On redirect examination Desrosiers testified in detail concerning his conversation with Chuck Wilkerson and what the latter had told him. The purport of Wilkerson’s story was that he (Wilkerson) had brought into town from defendant’s ranch two bunches of chickens and sold them for defendant at two different places; that he had told defendant where he had sold them, and that one of those places was the Douglas Poultry; that defendant had told him to take those chickens to certain parties, and that the chickens referred to were the Plymouth rocks that he had gotten at the hatchery of Desrosiers the month previous. At the time of this redirect examination counsel for defendant objected to the admission of this testimony relating to the conversation between Desrosiers and Chuck Wilkerson, contending that he had merely asked whether Desrosiers’ knowledge was based on a conversation he had had with Chuck Wilkerson, but that he had not gone into the details of the conversation. The trial court admitted the above mentioned testimony on the ground that counsel for defendant had interrogated the witness at some length in cross-examination as to the conversation, stating to counsel, “You opened it up yourself. Now the witness has a right to explain the entire conversation if he cares to.”

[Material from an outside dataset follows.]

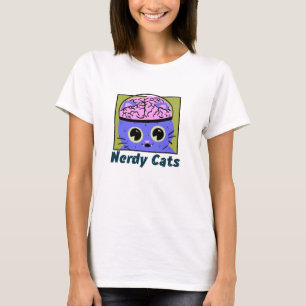 Nerdy Cats, Brain Design T-Shirt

We are of the opinion that the admission of the testimony of the witness Desrosiers detailing the conversation between himself and Chuck Wilkerson, defendant’s hired man, was error. Counsel for defendant obtained from Desrosiers on cross-examination an admission simply that his testimony as to the sale of 92 chickens under the mortgage was not given as of his own knowledge, but was based on a conversation he had had with Chuck Wilkerson. The purport of the cross-examination was simply to prove, and it did prove, that the witness Desrosiers’ testimony on direct examination was not the testimony of a witness testifying to first-hand knowledge of a fact, but was testimony based on what some third party had told him. It went to prove that the testimony on direct examination was not direct evidence, but hearsay. When the trial court on redirect examination allowed testimony concerning all of the details of the conversation, including the narration not only of what Chuck Wilkerson himself had done but of what defendant had told Chuck Wilkerson (who in turn told the witness), there is presented a case of double hearsay.

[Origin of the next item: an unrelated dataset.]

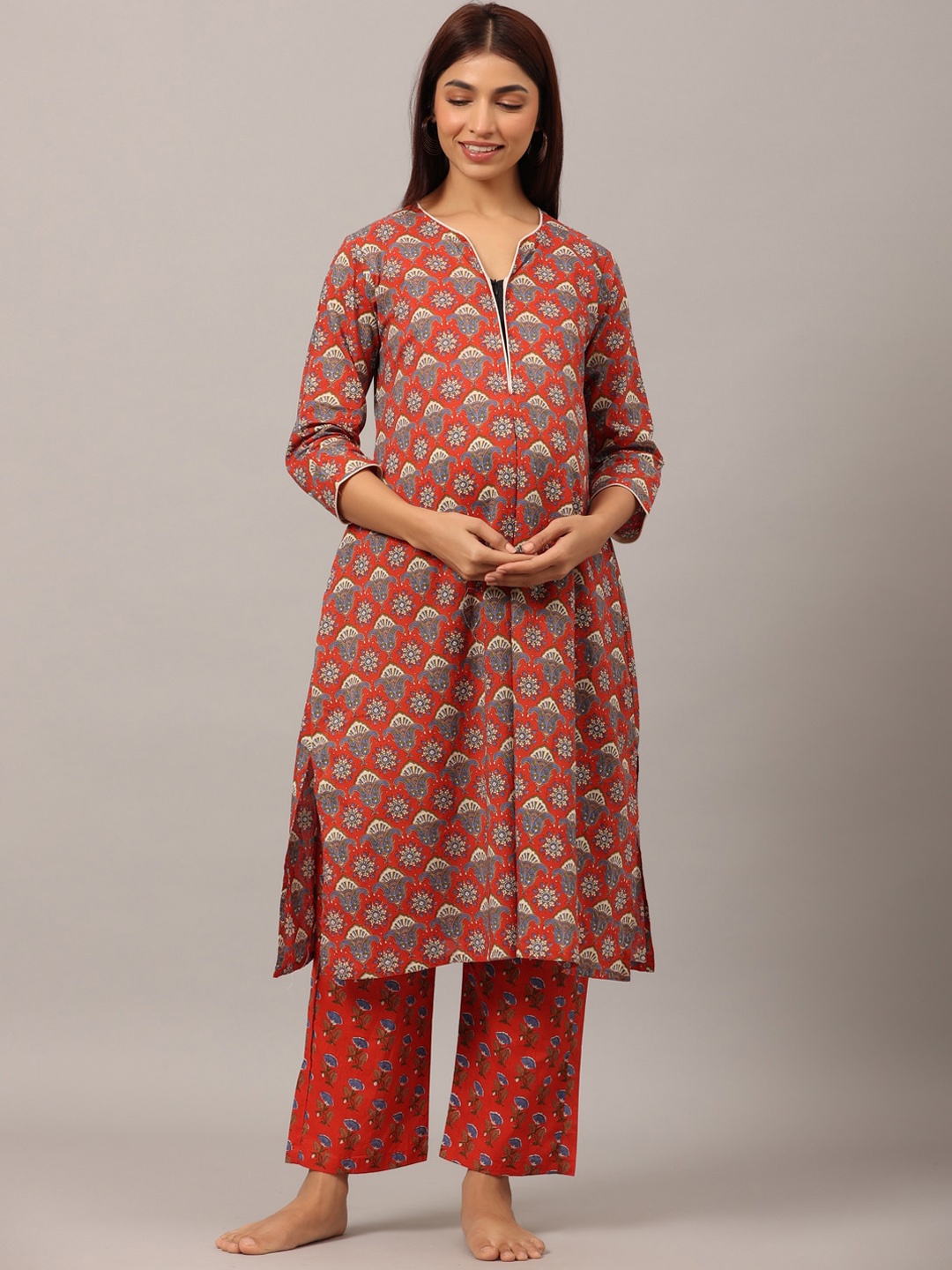 

Ikk Kudi by Seerat Women Ethnic Motif Printed Pure Cotton Night suit, Red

Examination of the record confirms defendant’s contention that 'the cross-examination did not go into the details of the conversation between Desrosiers and Chuck Wilkerson, but simply established the fact that the complaining witness’ knowledge was based on what he had learned from Wilkerson. The reported statement of Wilkerson that the chickens which he had delivered and sold to the Douglas Poultry Company were the same chickens that he had previously obtained from the hatchery of the complaining witness Desrosiers was the only testimony directly establishing the identity of the chickens sold with those included in the chattel mortgage.

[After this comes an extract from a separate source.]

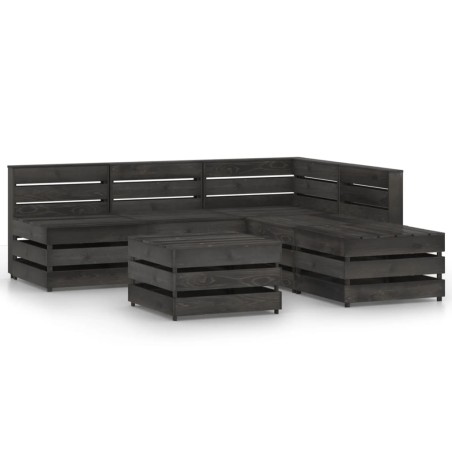 vidaXL Set de muebles de jardín 6 pzas madera de pino impregnada gris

There was, of course, the evidence of Mrs. Anna Carter, who testified that defendant told her she “was in trouble, that she had sold mortgaged chickens,” and as has already been noted Desrosiers testified to defend* ant’s statement to him that she had sold a few. Defendant’s testimony was, that the chickens that she sold were not the chickens covered by Desrosiers’ mortgage. In view of this conflicting evidence as to the alleged admissions of the defendant that she had sold mortgaged chickens, the statement of Wilkerson’s, introduced as hearsay, identifying the mortgaged chickens as those delivered to the Douglas Poultry Company was particularly pertinent and damaging to defendant.

Under these circumstances, we conclude that the error in the admission of the questioned evidence was prejudicial.

We further believe that this Wilkerson statement is inadmissible not only under our Colorado practice but even under more liberal rules of admission of hearsay evidence existing in other jurisdictions.

This decision has been unduly delayed, due to unforseen circumstances affecting this court in 1942. These also necessitated the case’s reassignment.

The judgment is reversed and the cause remanded; further proceedings, if any, to be in accordance with the views herein expressed.